David Coleman was the commentator who created modern sports commentary. He covered football at every level, including ‘that save’ by Gordon Banks in the Mexico World Cup in 1970. He covered athletics at every level, pretty much every sport at the Rome Olympics in 1960 up to Sydney in 2000. He interviewed Prime Ministers and Royalty about their love of sport, he interviewed The Beatles. He was the sole presenter of the BBC’s coverage of the Munich Olympics massacre, with just one camera and almost nothing else to support him. He  pretty much invented ‘Final Score’, hosting Grandstand for more than 10 years, and the videprinter over which he presided was the bringer of joy or despair at the end of a Saturday afternoon.

His knowledge of sport seemed encyclopaedic, as he could cite form statistics, goalscorers, table positions, personal bests seemingly at will from memory. He had a genuine passion for sport. He made it immediate, exciting, and he was the forerunner for everyone who followed him. Steve Cram, a world champion athlete and eventual colleague in the BBC commentary box, has said that if David Coleman thought you ran well, that was better than your coach saying you ran well…

He was evidently quite demanding to work with, and not shy of offering his own opinions, as is evident in this tremendous clip from the 1962 World Cup match between Chile & Italy that Coleman dubbed ‘The Battle of Santiago’.

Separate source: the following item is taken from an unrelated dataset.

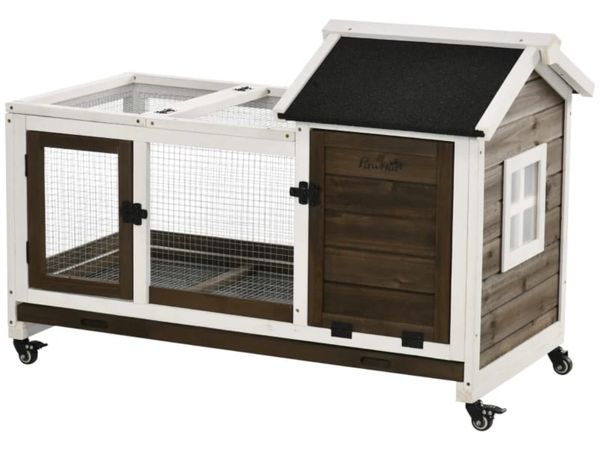 Wooden Rabbit Hutch, Guinea Pig Cage, with Removab - Main image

My clearest and most evocative memories were of his commentaries of the ‘Golden Age’ of British middle-distance running, in the late 1970s and early 1980s. For one amazing summer in 1981 it seemed as though every time they set foot on a track, world records were broken. Coe set 5 world bests that year, while he and Ovett exchanged the World Mile Record three times in 10 days.

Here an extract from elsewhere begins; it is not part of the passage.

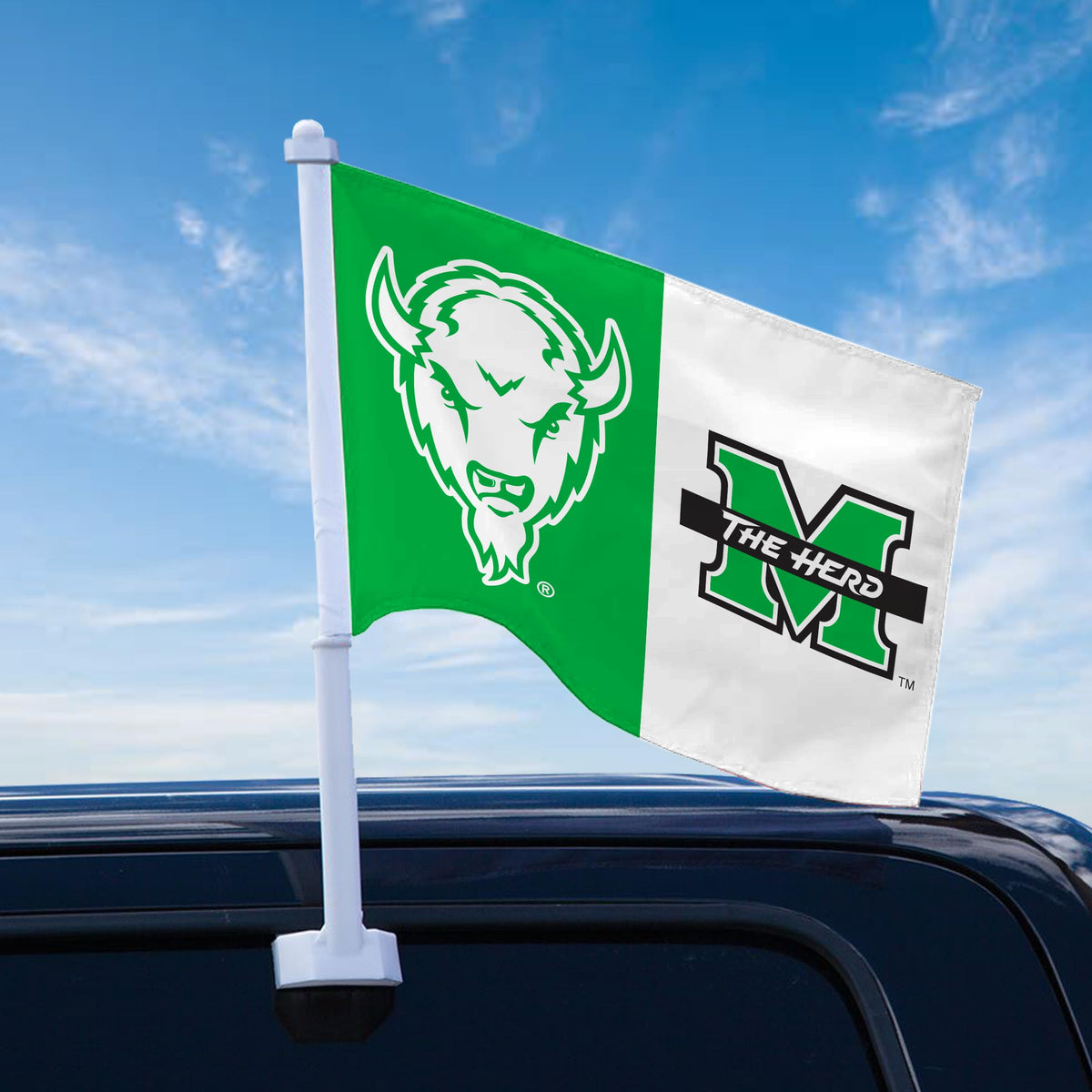 Marshall University Premium Car Flag 10.5 x 15 inch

One of my favourite sports photos of all time – the final of the 1500m at the 1980 Moscow Olympics. Coe had lost the 800m to Ovett days before when he had been expected to win, but got his revenge here over a distance at which Ovett had seemed unbeatable.

This montage of clips features vintage Coleman…

While acknowledged as an inspiration to generations of athletes, viewers and commentators, David Coleman is also a legend for other reasons. His gaffes (perhaps cruelly) became known by Private Eye magazine as Colemanballs. He is at least partly the inspiration for this wonderful comic character of Alan Partridge, whose first incarnation was as a hapless and hopeless sports reporter (quite unlike Coleman’s excellent journalistic pedigree)…

David Coleman retired 10 years ago, but his commentary – passionate, informed, involved and immediate – stands the test of time.